# How to restore old windows to former glory



## chokie91 (May 12, 2011)

Hello everyone, 

I have a 1986 VW Cabriolet. I'm in the middle of restoring the exterior right now and the windows are dirty from old age. I have tried clay bar and other car window cleaners to no avail. I was thinking about CLR ing the windows to see if that gets it off. Anyone face a similar problem in their restoration jobs?


----------



## President Lincoln (Jun 27, 2005)

Possibly try polishing with cerium oxide. 

http://search.eastwood.com/search?p...e&view=grid&w=Windshield Scratch Remover&rk=1


----------



## Ed52 (May 21, 2001)

If it's just a buildup of film and not scratches you might try Brasso or Silvo. They have very fine abrasives which will remove the film and leave glass smooth. Try in a corner first just to be sure the glass will not be scratched.


----------



## jrscpu2004 (Sep 2, 2012)

*Weathering of Glass*

I had a 1996 Trek that I use to take a 43 mile ride on the Long Island Expressway, back and forth. What was worse, at that time there was a lot of Road Construction and the those huge 18 wheelers 
carrying loads of sand. The damn trucks would ride the middle lane and speed at about 70 MPH. Every little bump in the road, and their tailgates would spread their joy to whatever poor soul was behind these windsheild destroyer's. 
Anyway, my windshield was so weather beaten(that's what the insurance company would call it),that if I drove into a sunset, my front windsheild would blot out from all the chips in it. 
Mercifully, a stone finally cracked it and I had FULL GLASS policy. I took it to a qualified Glass 
Repair center and I told him how bad this window was. He replied, that I could had it replace years ago if I brougt it in and had it inspected. I would have been covered due to "weathering". 
Don't mess with trying to get it fixed, just replace it.(that's if you have full glass coverage).


----------



## chokie91 (May 12, 2011)

Thanks everyone


----------



## rabbitnothopper (Oct 19, 2009)

so basically

replace with new instead of trying to buff it out

mine is also "sand blasted" from 30 years of use and its difficult to see in the sunrise/set glare


----------



## chokie91 (May 12, 2011)

There may be help on the horizon. My dad says their is a south american product that will get it out. They use it at work(Chevy Dealer) to get crap off customers car windows. My buddy says too that spray on foamy window cleaner with a sharp straight flat blade will do it, just got to be careful about scratching the window.


----------



## wolf_walker (Dec 4, 2002)

Depends on what they are dirty with, or if it's "weathering" as the poster above said.
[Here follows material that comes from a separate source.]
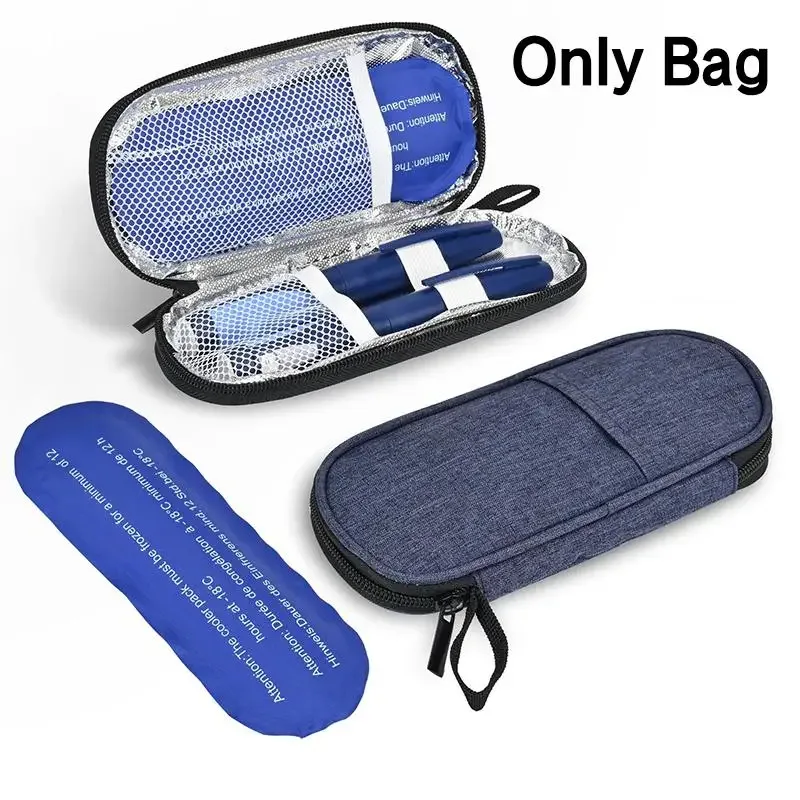 étui isotherme pour insuline avec 2 blocs réfrigérants réutilisables, sac de rangement pour médicaments, solution portable pour les voyages et les activités de plein air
Dirt/Stain is cleanable, weathering isn't in any practical sense.

Assuming this is a front windscreen, replace the glass. Unless they have become rare and 
expensive in the last few years it's a trivial cost compared to the benefit. If you cover any kinda
road miles, a windscreen is a wear item. 

Also, cut it out at home and inspect the windscreen frame for rust before calling a glass guy.


----------